We work at our sport. Your definition of “sport” might differ from mine, and “work” could be a relative term.

But if you’ve found a passion for an active lifestyle—something that gets you out the door (or indoor on a bike trainer or treadmill) and moving, we’re the same. We crave the earth moving beneath us and our lungs opening up; our thoughts quieting to be swept away by the sounds of nature or silenced by the banging of our earbuds.

Let’s be realistic. The fact is that we have a love for being in motion and want to get better at what we love doing, but most of us are in an 8–5 job, sitting at a desk, or running kids to and from activities in a car. We don’t stand much. And if we do stand, most of us aren’t putting the time and effort into practicing correct form like we strive to in our sport.

Wait. Time and effort goes into standing?

Well, it should. Unless you’re standing with proper mechanics, you could be undoing any hard work that you’ve put into training. And proper mechanics aren’t going to come with the snap of two fingers — just like correct kinesthetic mechanics for your sport, getting into the habit of correctly standing takes time and practice.

Sure, we’ve heard that we should stand with our shoulders back and chest high, at the very least to try to undo the hunching we tend to do over our computer keyboards and smartphones. But did you know your glutes should be slightly flexed when you’re standing?

Correct Your Standing Form

Do yourself a favor and stand up right now. Test your glutes. Are they slightly flexed? Are your feet flared like a duck?

Now go through and check off the rest of this checklist:

  • Feet straight (not flared out past parallel)
  • Ankles not caving in
  • Ankles under shoulders — you should be able to draw a straight line, perpendicular to the floor, from your hip sockets to your ankles
  • Belly tight (like someone is about to punch your stomach)
  • Glutes tight (fully flex, then back that off to 20% effort)
  • Shoulders externally rotated in a stable position

This position is what Dr. Kelly Starrett, P.T., mobility expert, creator of MobilityWOD.com and author of Becoming a Supple Leopard and Ready to Run, calls a braced spine. As Kelly puts it, “Standing is still high skill.”

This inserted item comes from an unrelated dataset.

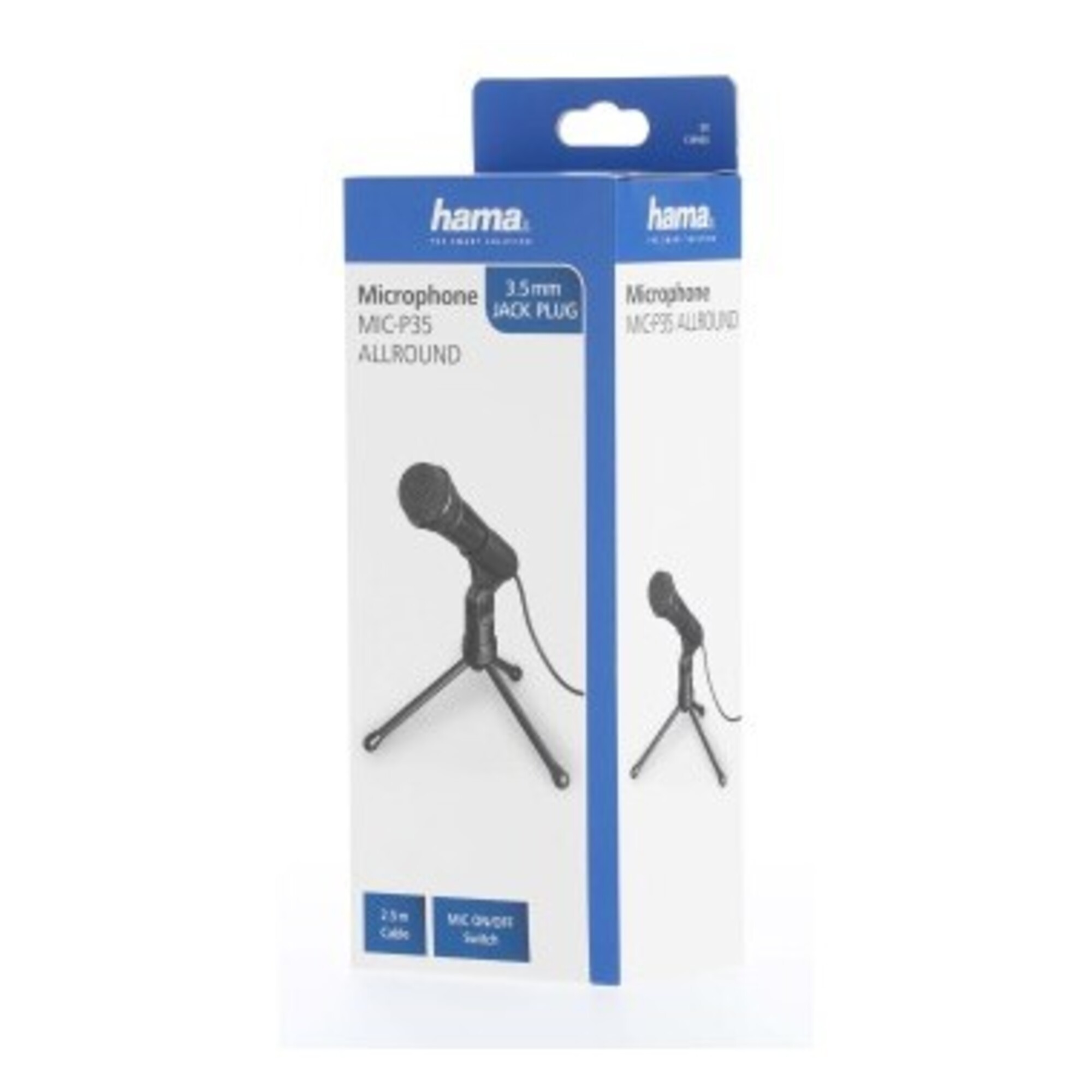 Microphone Hama MIC-P35 Allround – PC, Jack 3,5 mm, Unidirectionnel - vue 3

Watch this homemade video by him for a visual example of this technique:

Integrating a Braced Spine into Your Everyday

We’ve talked about building a habit before on In Motion with RPM, but this isn’t something you need to carve out extra time in your day to do.

To do your spine some good and keep your other mechanics in check on and off the training clock, practice the sequence listed above. It’s easy enough to take 10 seconds to check in with your mechanics when you’re doing any of the following:

  • Brushing your teeth
  • Cooking at the stove
  • Doing dishes
  • Waiting in line at the store
  • Talking to a friend you’ve run into
  • Standing in the shower

It’s that simple. And implementing this technique can set you up for success with mobility in other areas of your sport. Let’s keep our spines as happy as we can in our day-to-day. 🙂

 

Like this article? You might also like: Is the Sacroiliac Joint to Blame?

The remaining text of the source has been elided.